■ WHAT IS BEING ASKED:
Aside from the pictures, the entries should be given again exactly.

= Beginning of Section =

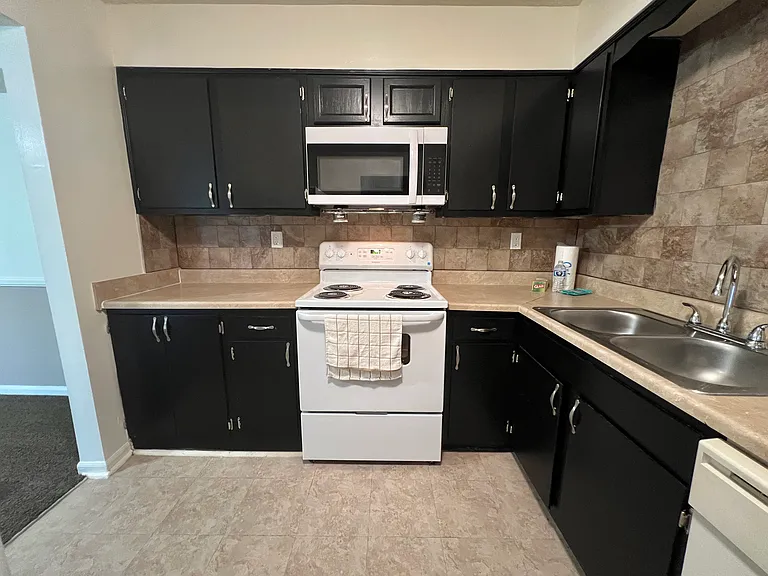 Derby Run Apartments — Photo 67
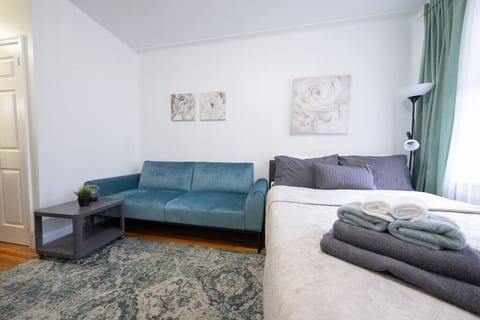 UPPER EAST SIDE STUDIO NEAR CENTRAL PARK.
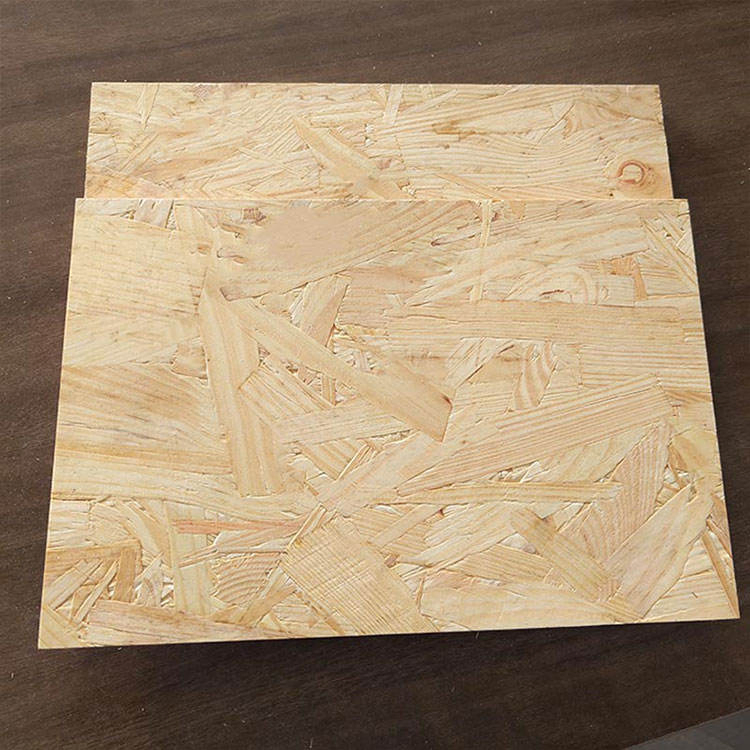 E1 Grade 18mm Moisture Resistant Structural 1220X2440mm Construction Oriented Strand Board Melamine OSB Board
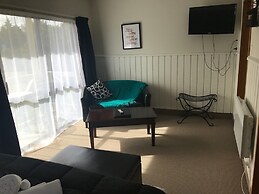 ASURE Explorer Motel & Apartments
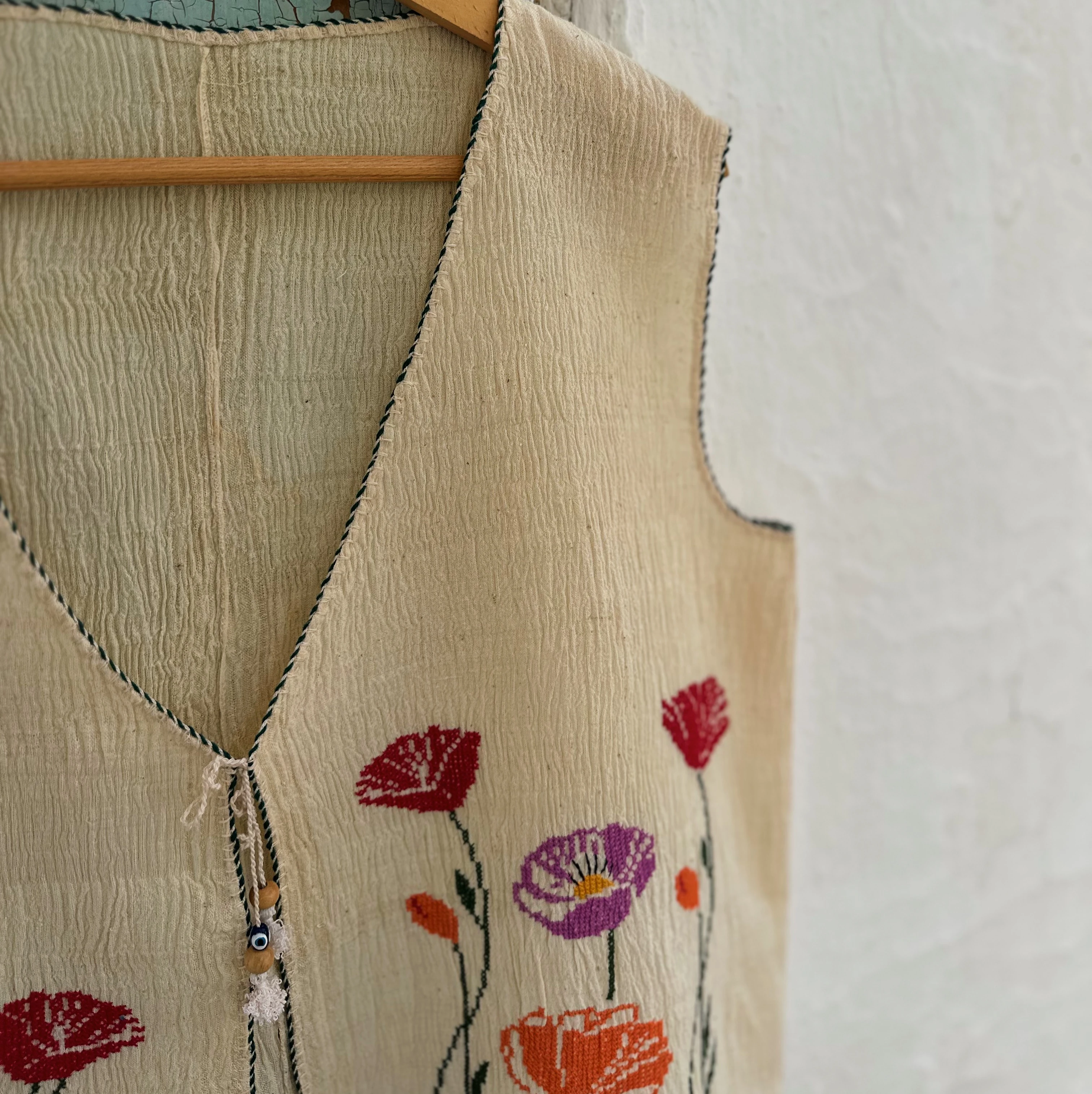 Gelincikler El Nakışlı Dokuma Yelek (42-44 Beden)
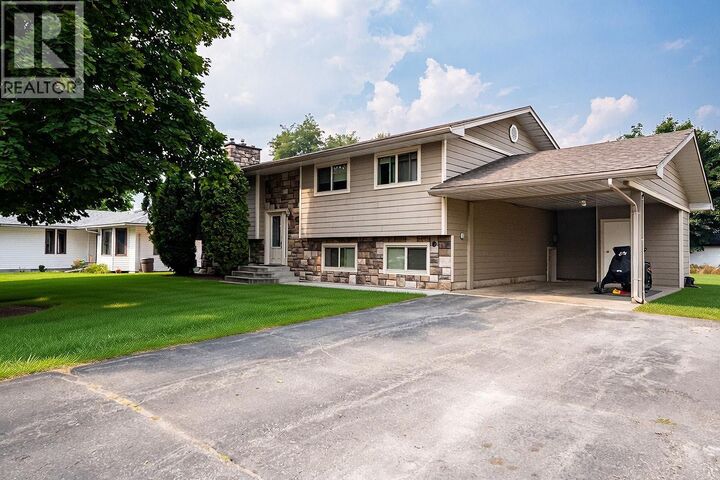 Property Photo: 1506 Mountain View Drive BC V0E 2S1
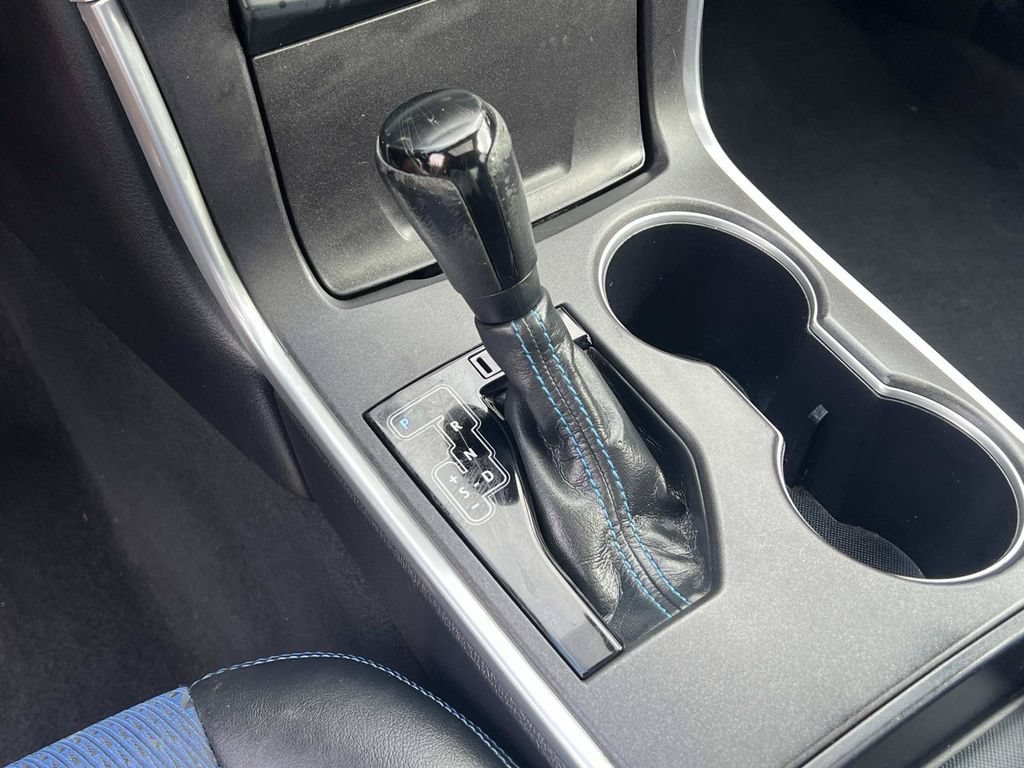 Used 2016 Toyota Camry SE FWD image 40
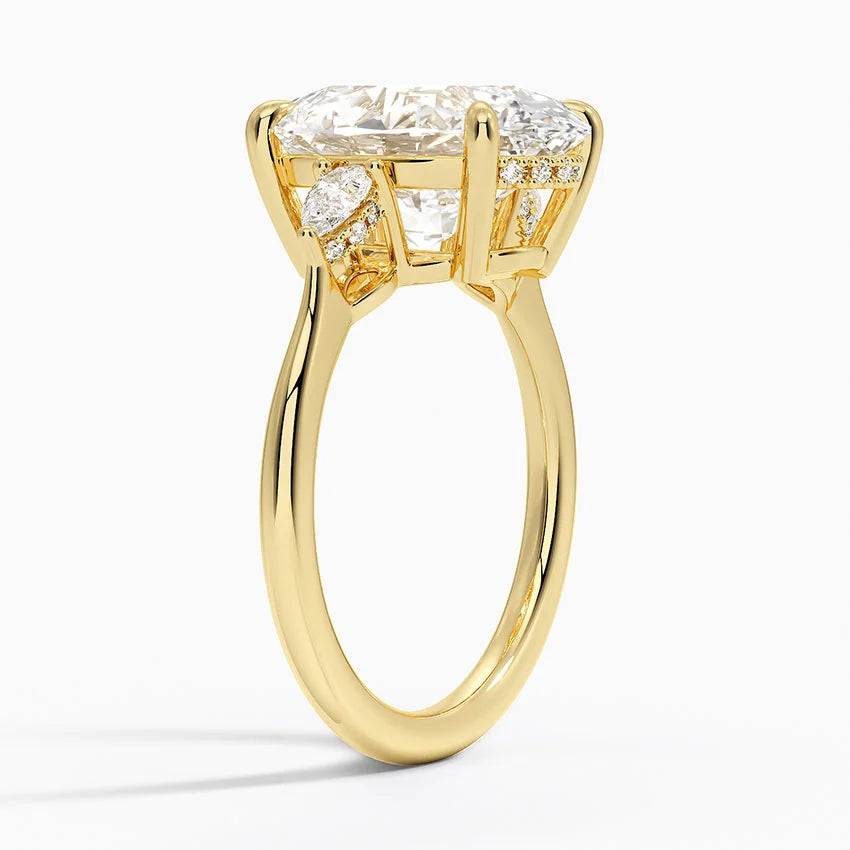 5.50 Karat Oval Kesim Hidden Halo Tasarım Tektaş Laboratuvar Pırlanta Yüzük - Madrid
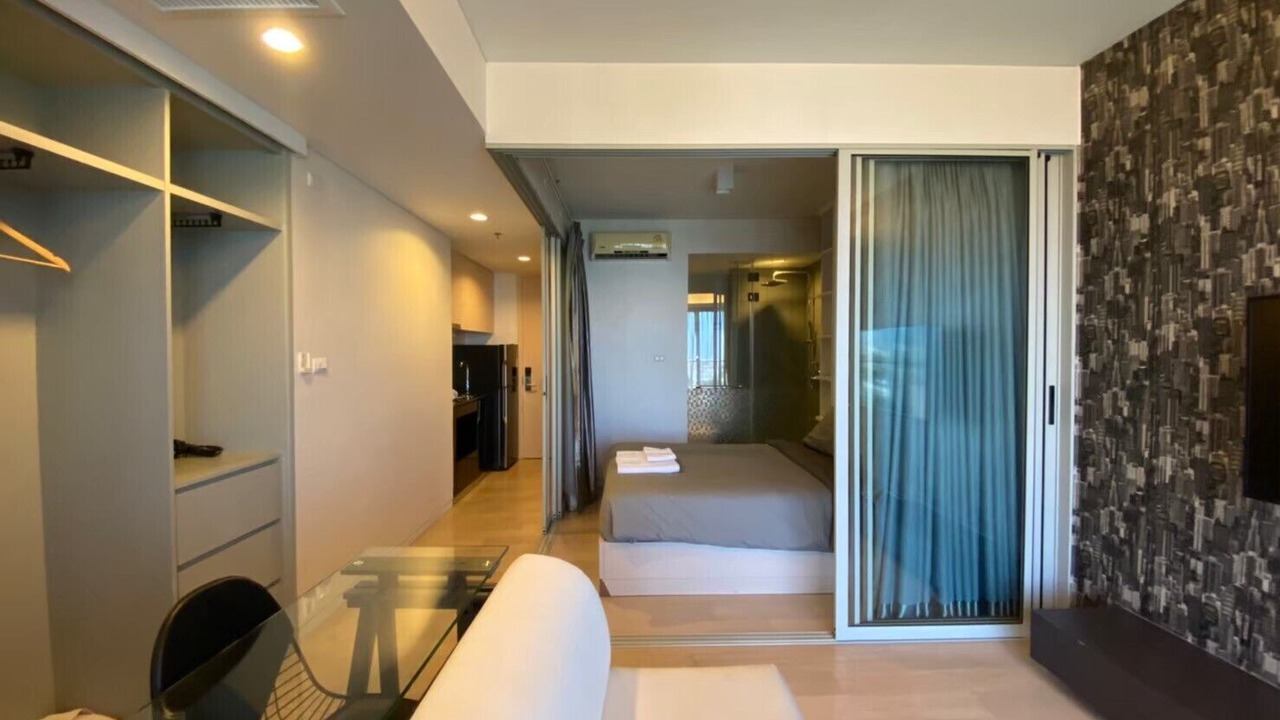 Photo of Bedroom in Samsen Nai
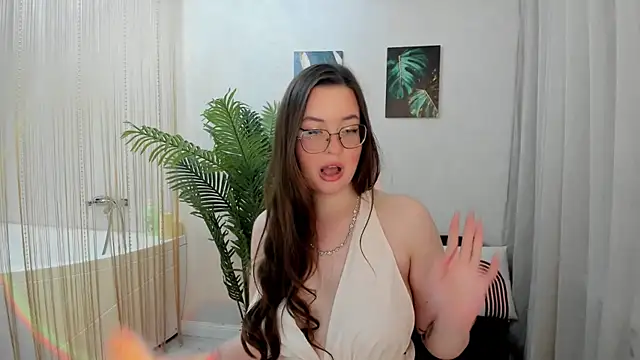 Chat +18 de WishToBloom ao vivo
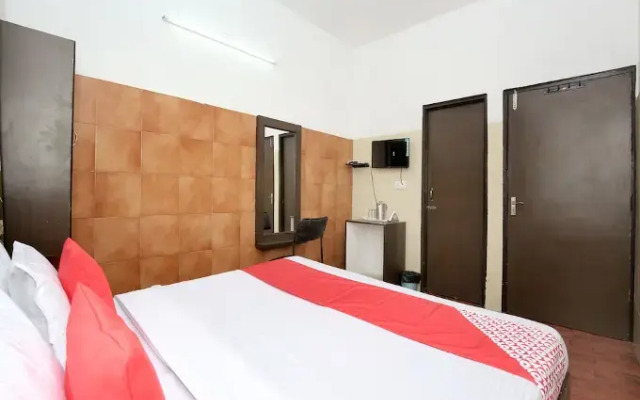 The Red Hotel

= End of Section =

■ EXERCISE OUTPUT:
 Derby Run Apartments — Photo 67
 UPPER EAST SIDE STUDIO NEAR CENTRAL PARK.
 E1 Grade 18mm Moisture Resistant Structural 1220X2440mm Construction Oriented Strand Board Melamine OSB Board
 ASURE Explorer Motel & Apartments
 Gelincikler El Nakışlı Dokuma Yelek (42-44 Beden)
 Property Photo: 1506 Mountain View Drive BC V0E 2S1
 Used 2016 Toyota Camry SE FWD image 40
 5.50 Karat Oval Kesim Hidden Halo Tasarım Tektaş Laboratuvar Pırlanta Yüzük - Madrid
 Photo of Bedroom in Samsen Nai
 Chat +18 de WishToBloom ao vivo
 The Red Hotel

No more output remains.